# Turns at craft shows



## jrc (Jul 12, 2004)

How many turns pens at craft shows


----------



## melogic (Jul 13, 2004)

Jim,
I have been considering turning at craft shows. I am curious about the liability. I think if people actually see how these writing instruments are made, they will be more apt to purchase. I also know of a few shows that will waive your booth fees for a demonstration.


----------



## melchioe (Jul 13, 2004)

After a few shows, I am considering ONLY doing shows that have electrical power to let me turn (don't have a sufficiently quiet generator).  With my wife to talk to customers and take turns at the lathe, it really generates much more traffic, and really drives home the point that they are handmade - it seems to justify in people's minds the relatively high prices (compared to Target, anyway...)

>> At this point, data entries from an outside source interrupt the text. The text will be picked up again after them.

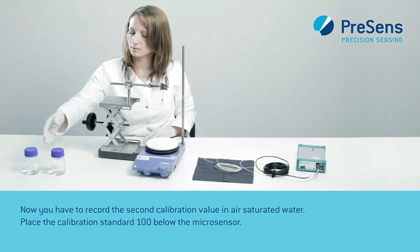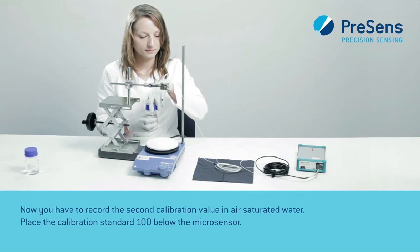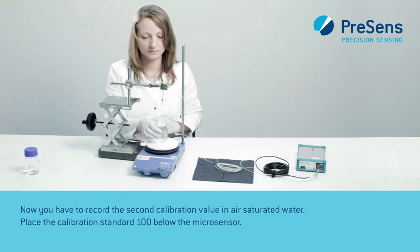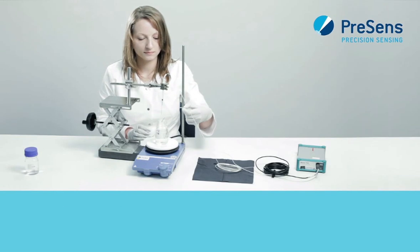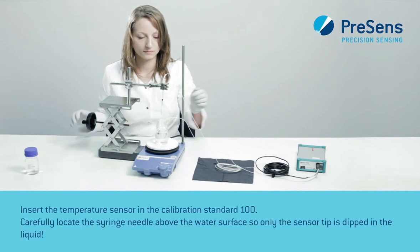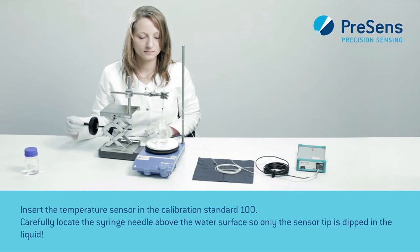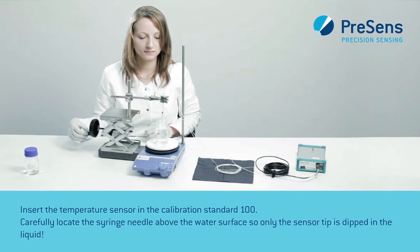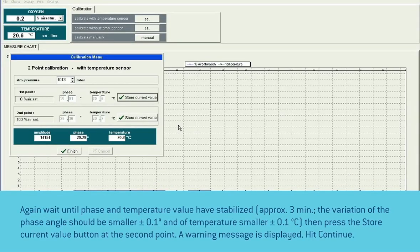Now you have to record the second calibration value in air-saturated water. Place the calibration standard 100 below the microsensor and insert the temperature sensor in the calibration standard 100. Carefully locate the syringe needle above the water surface so only the sensor tip is dipped in the liquid. Again wait for about 3 minutes until phase and temperature value have stabilized and press the store current value button at the second point.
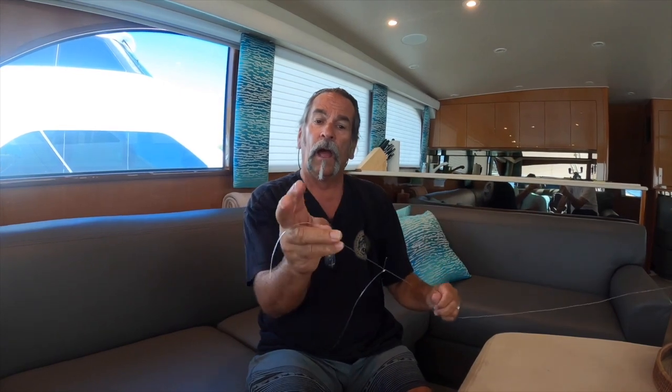I take my hook and tie it right to that little tag end that was sticking out after clipping the loop. Go around seven times, put it through the bottom hole, that creates the top hole, go back through there, pull it down tight, and clip it off neat. Now that's how I rig my dropper loop — hook 24 inches above the weight.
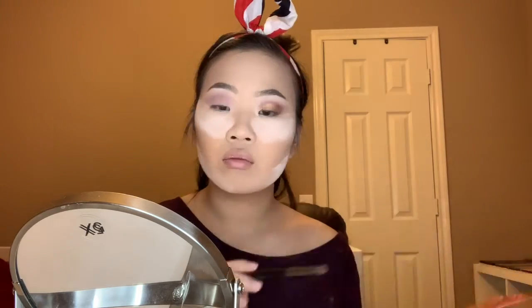To finish off the base I'm gonna go in with my Bite Beauty lip primer — this gives a nice base for my lips later on. I accidentally did my other eye off-camera because I wasn't paying attention to whether I was recording, so I'm just going to redo it for you guys.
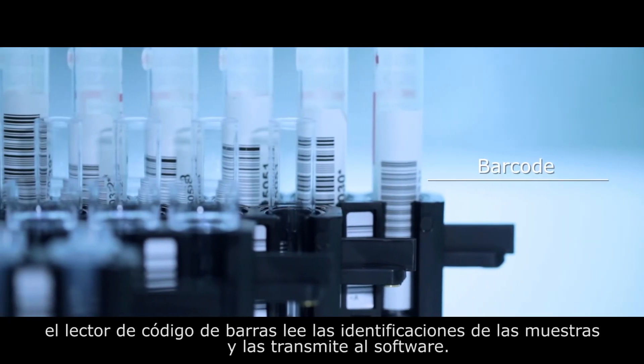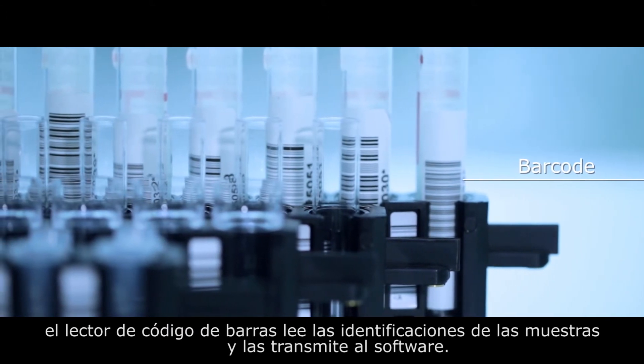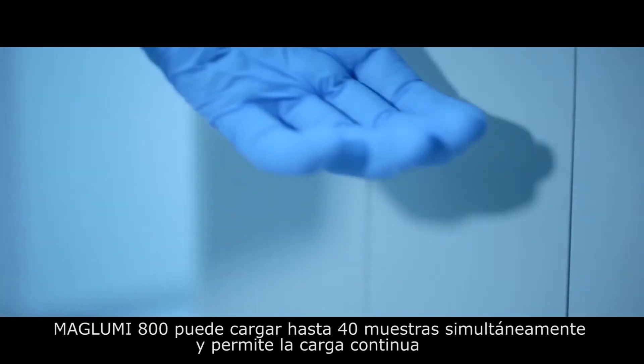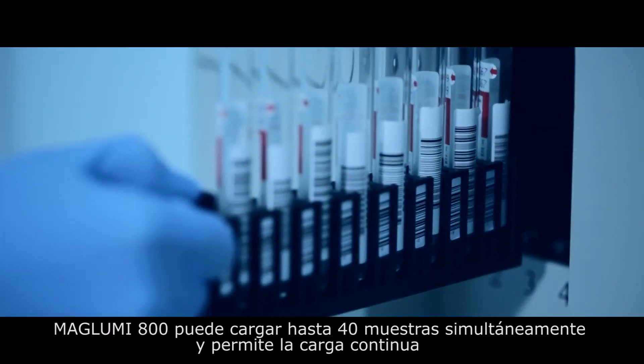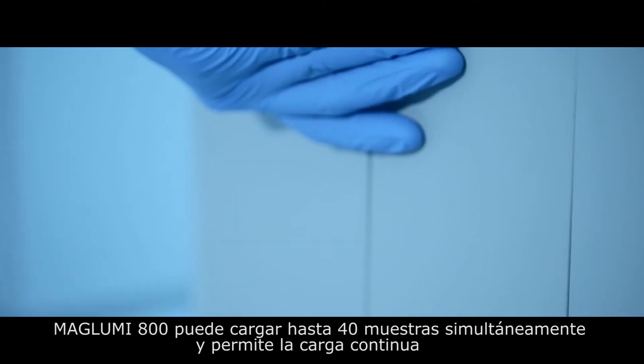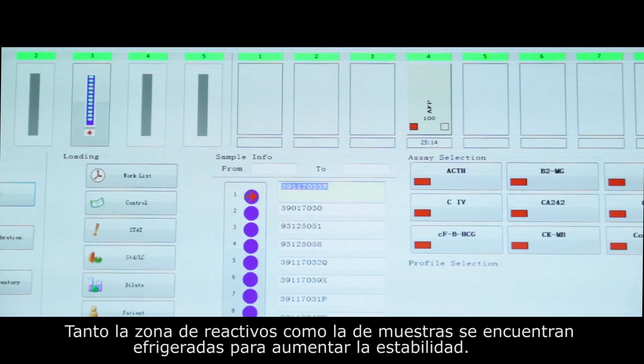Samples can be loaded with different types of sample tubes. When loading the sample, the barcode reader scans the barcode on the tube and identifies the sample ID, sending the information to the software. The Maglumi 800 sample area has a maximum capacity of 40 samples and can continuously load samples.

I also will only do juried shows too.  No open shows.  At the open shows, people are looking for low-cost bargains, not high-quality good deals. [8D]


----------



## Daniel (Jul 13, 2004)

Never had a craft show where I coudl set up such a situation. also have only recently purchased a lathe small enough to move to a show.


----------



## jrc (Jul 13, 2004)

I have a piece of plexy glass in front of my lathe and after turning a few thousand pens I have never had a blank come apart and hit it.  I never do big craft shows.  They charge to much and charge people to get in and they have to many vendors. If your charged $400 or $500 to get into a big craft show you have to sell alot of pens to make it worth while.  If you go to a small shoe and cost $20 to setup and make $300 or more it was worth it.


----------



## gtanajewski (Jul 27, 2004)

Mark, You have a liability at craft shows without turning pens.  Anyone injured while in, your craft space can and some have sued.


----------



## jrc (Jul 28, 2004)

I'm wondering how someone will get injured from wood chips.  I keep my gouge out of reach form anyone while not in use.  I guess some kid could polk there self in the eye with a pen.  How do you think someone can get hurt?


----------



## Gregory Huey (Jan 8, 2005)

I have not worked a show where they supplied power but would think it would help increase sales. Kind of bring home the point of hand made and should also help draw a crowed.


----------



## dougle40 (Jan 8, 2005)

While I've never turned a pen at a show , I've often toyed with the idea of having blanks all glued up and ready to go and custom turn pens for customers while they wait . They could pick out the wood and style that they want , then stand there while I turned amd finished it . Could be a good sales tactic .


----------



## PenWorks (Jan 9, 2005)

I will clarify my yes answer. I do not do craft shows, but about 2-3 times a year, when our town has a thing going on. I set up my lathe and display outside my office and turn. Do not turn pens for orders, but more like a demo on how pens are made. Sometimes it's real good and sometimes folks just walk on bye.....  Anthony


----------



## penhead (Jan 9, 2005)

Anthony, can you supply any more insight into what would be required to cover ourselves as far as liability should we disire to turn at craft shows.?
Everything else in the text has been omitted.